#### [About this task]
Every line below from the one containing "Mystical Fire, Salz" through the one containing "L.Credi Oliana Handtasche in Beige" is to be printed exactly, with the pictures omitted.

++++ Data ++++

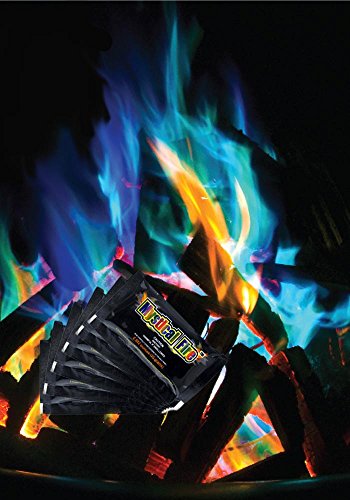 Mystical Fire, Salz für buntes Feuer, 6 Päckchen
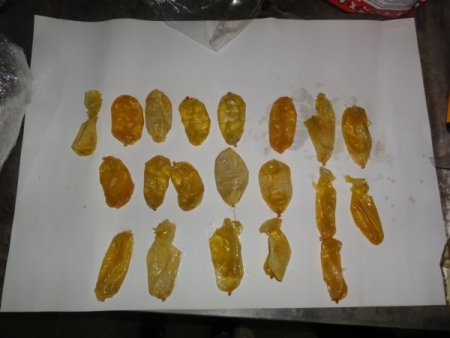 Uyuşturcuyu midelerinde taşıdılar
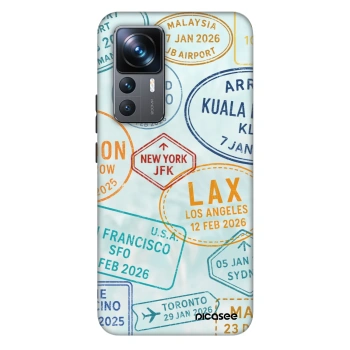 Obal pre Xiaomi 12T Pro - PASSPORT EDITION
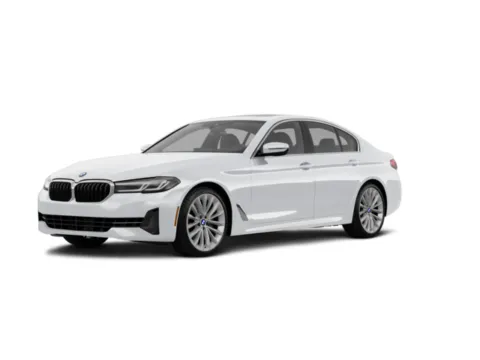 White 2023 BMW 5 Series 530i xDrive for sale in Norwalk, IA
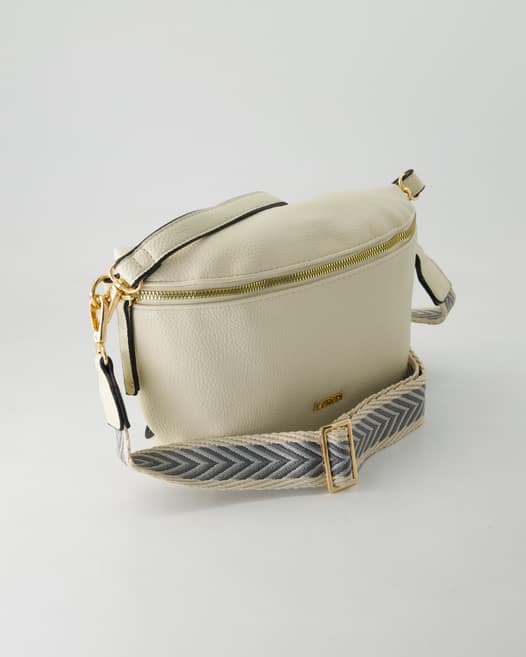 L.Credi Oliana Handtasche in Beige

++++
++++ Data ++++

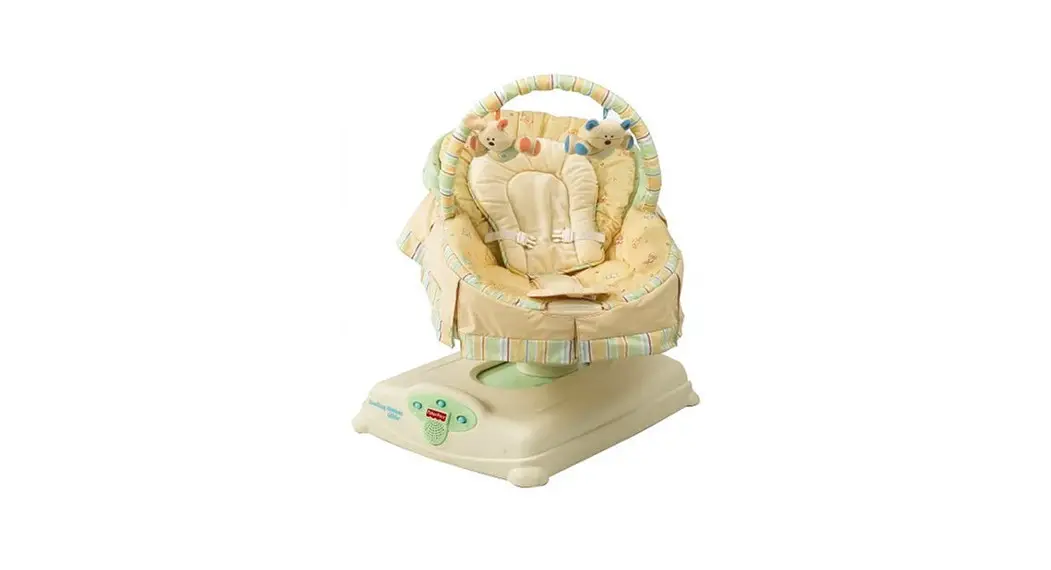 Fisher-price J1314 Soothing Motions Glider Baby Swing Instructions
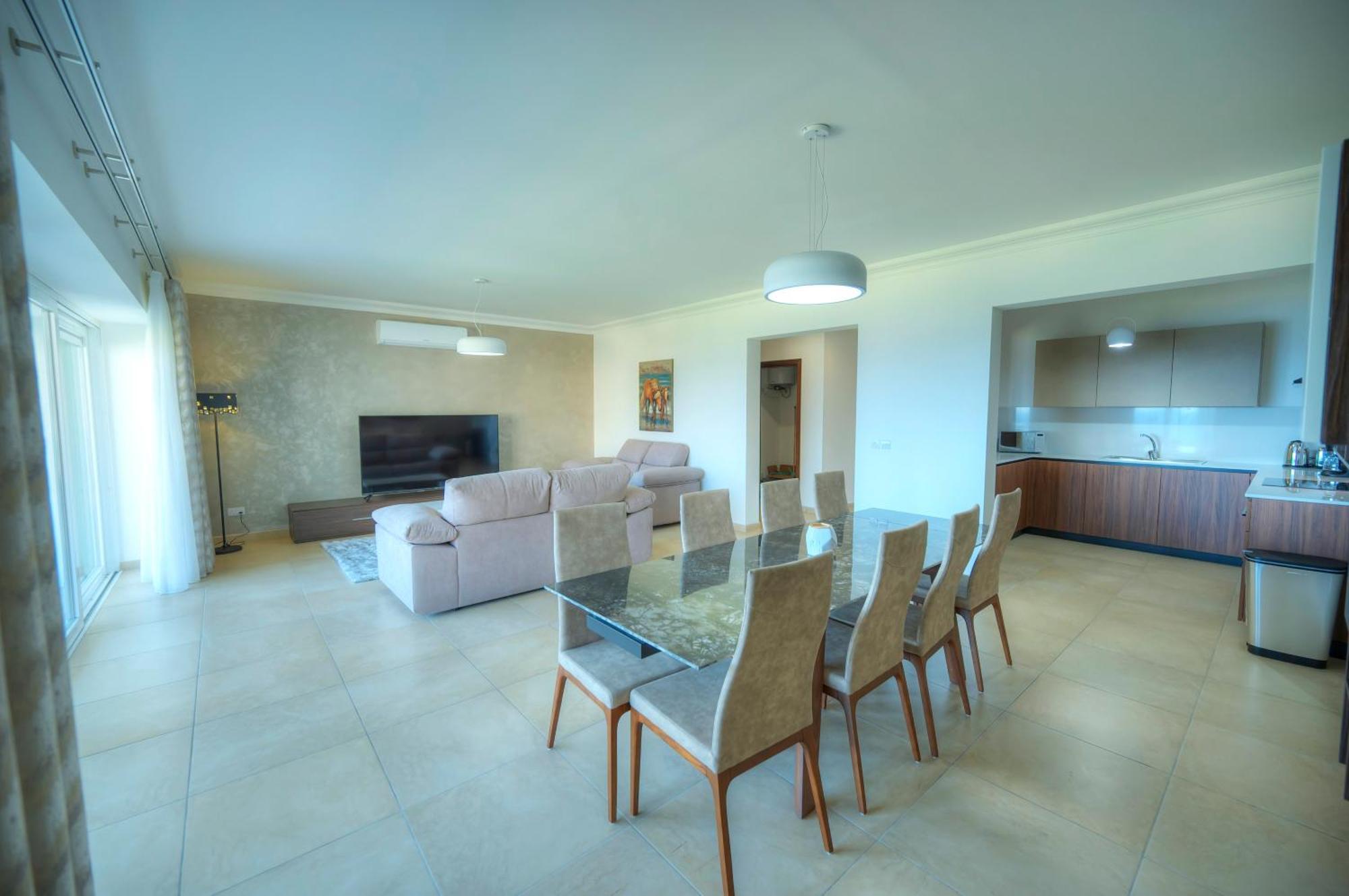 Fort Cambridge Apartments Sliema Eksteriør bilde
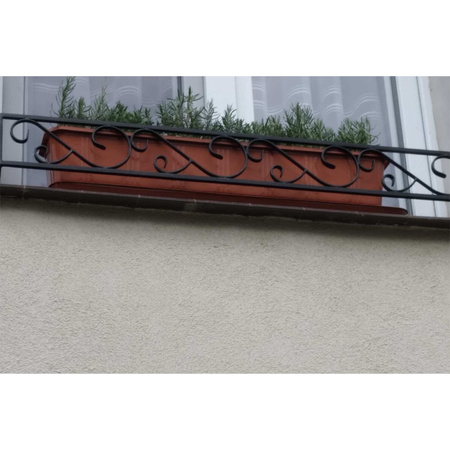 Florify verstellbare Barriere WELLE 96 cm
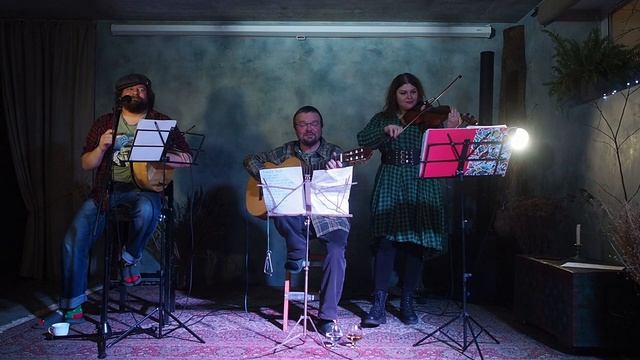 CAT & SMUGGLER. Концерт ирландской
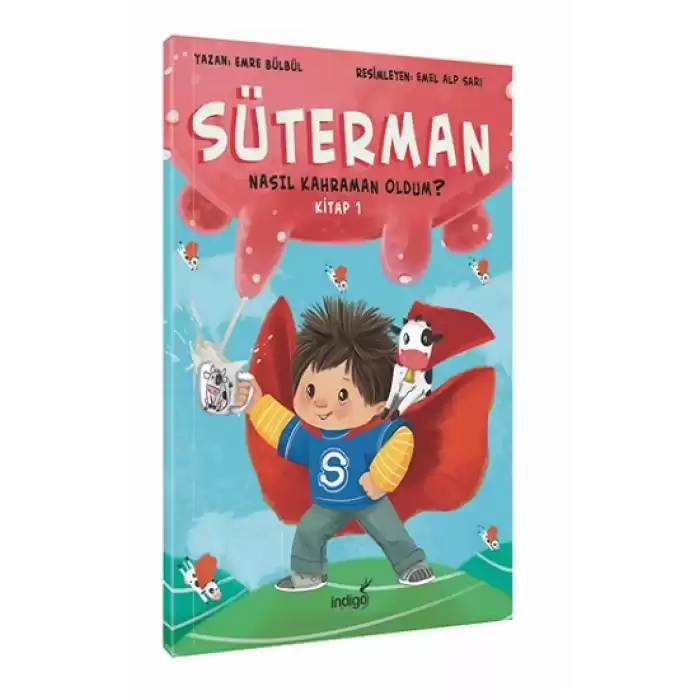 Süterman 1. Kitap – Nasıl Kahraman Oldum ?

++++
++++ Data ++++

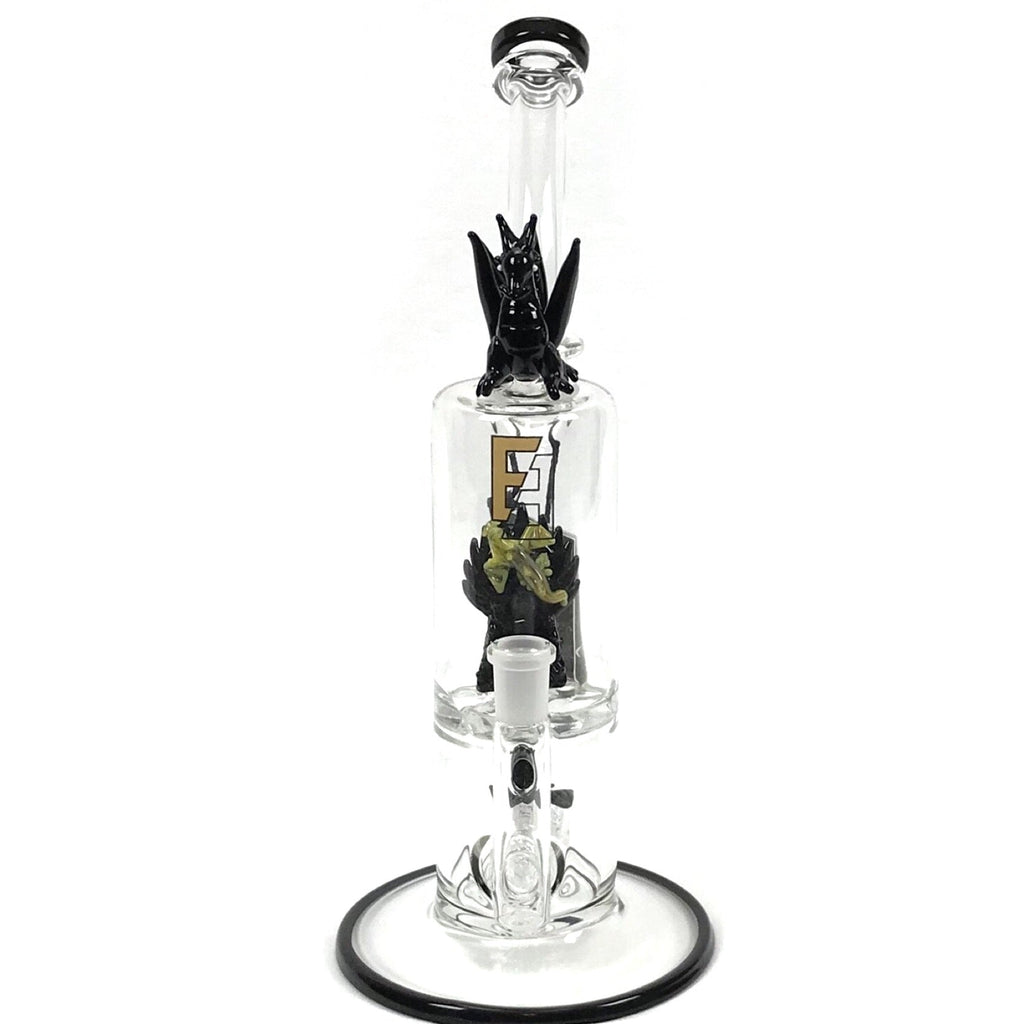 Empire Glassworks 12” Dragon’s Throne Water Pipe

++++

#### [Output of the task]
 Mystical Fire, Salz für buntes Feuer, 6 Päckchen
 Uyuşturcuyu midelerinde taşıdılar
 Obal pre Xiaomi 12T Pro - PASSPORT EDITION
 White 2023 BMW 5 Series 530i xDrive for sale in Norwalk, IA
 L.Credi Oliana Handtasche in Beige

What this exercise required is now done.